### Available records
---

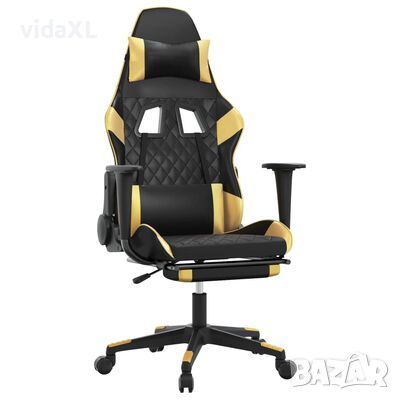 vidaXL Масажен гейминг стол с подложка черно/златисто изкуствена кожа（SKU:345413, снимка 1 - Столове - 45674447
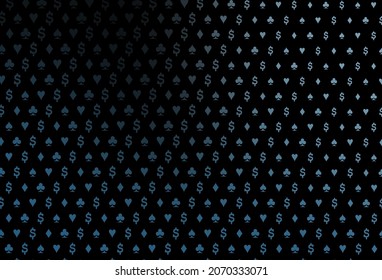 Dark blue vector layout with elements of cards. Shining illustration with hearts, spades, clubs, diamonds. Template for business cards of casinos.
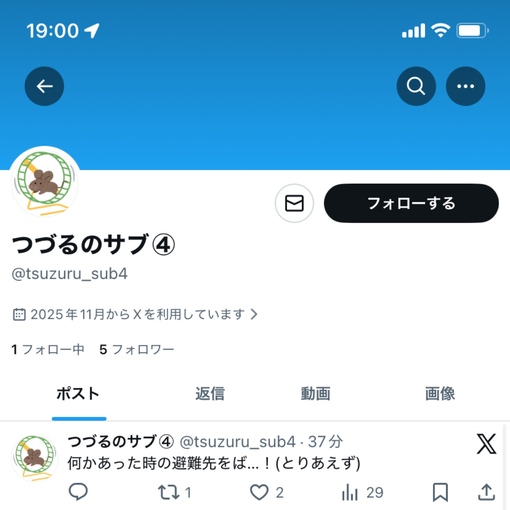 TSUZURU(ﾂﾂﾞﾙ) サブ垢作ったよ🧊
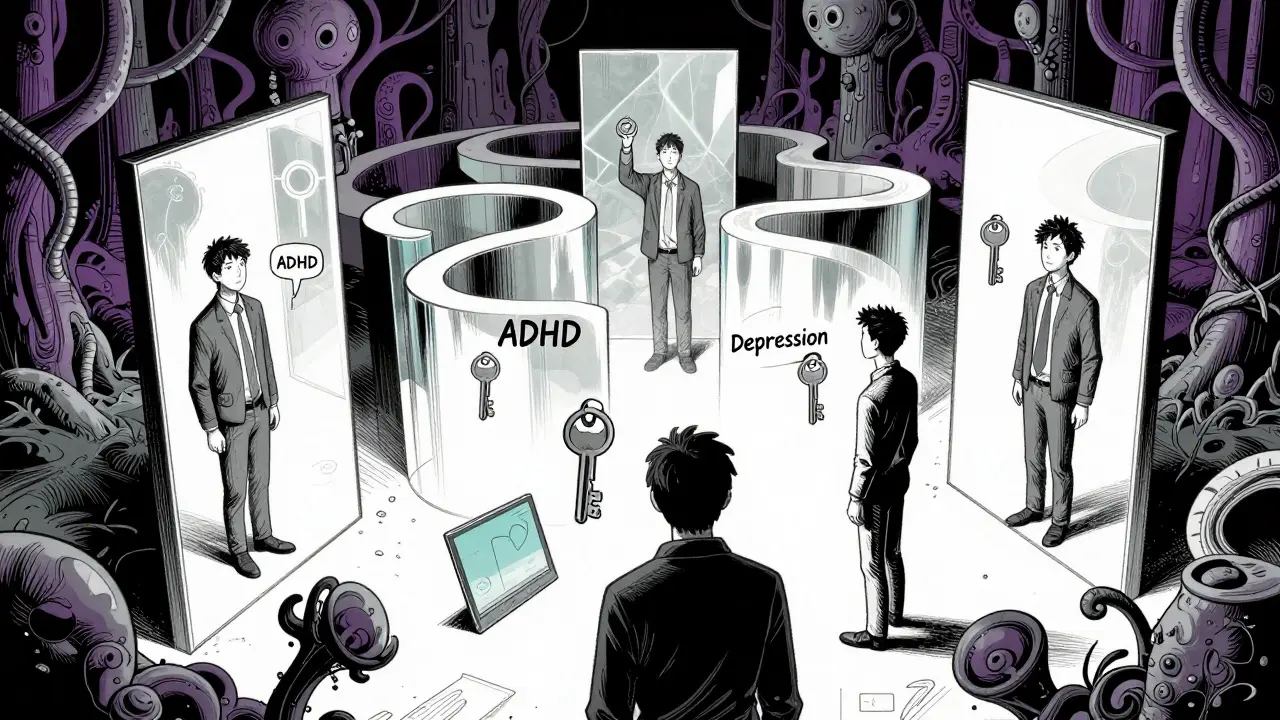 Labyrint zrcadel ukazující zaměňování příznaků ADHD a deprese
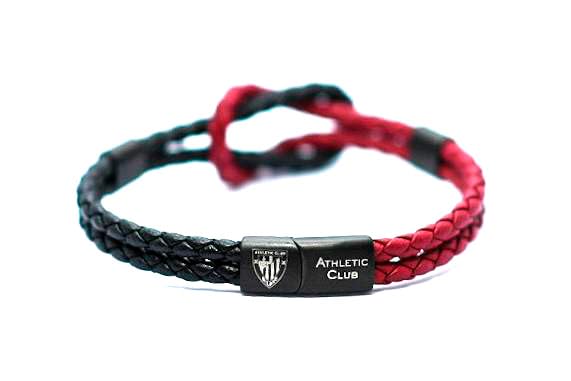 Athletic Club Pulsera de Piel Trenzada Roja y Negra con Nudo Marinero, Cierre Magnético de Acero Lacado, Producto Oficial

---

### Goal of the exercise
Write the listing above out again exactly, but not the images it holds.

### Task output
 vidaXL Масажен гейминг стол с подложка черно/златисто изкуствена кожа（SKU:345413, снимка 1 - Столове - 45674447
 Dark blue vector layout with elements of cards. Shining illustration with hearts, spades, clubs, diamonds. Template for business cards of casinos.
 TSUZURU(ﾂﾂﾞﾙ) サブ垢作ったよ🧊
 Labyrint zrcadel ukazující zaměňování příznaků ADHD a deprese
 Athletic Club Pulsera de Piel Trenzada Roja y Negra con Nudo Marinero, Cierre Magnético de Acero Lacado, Producto Oficial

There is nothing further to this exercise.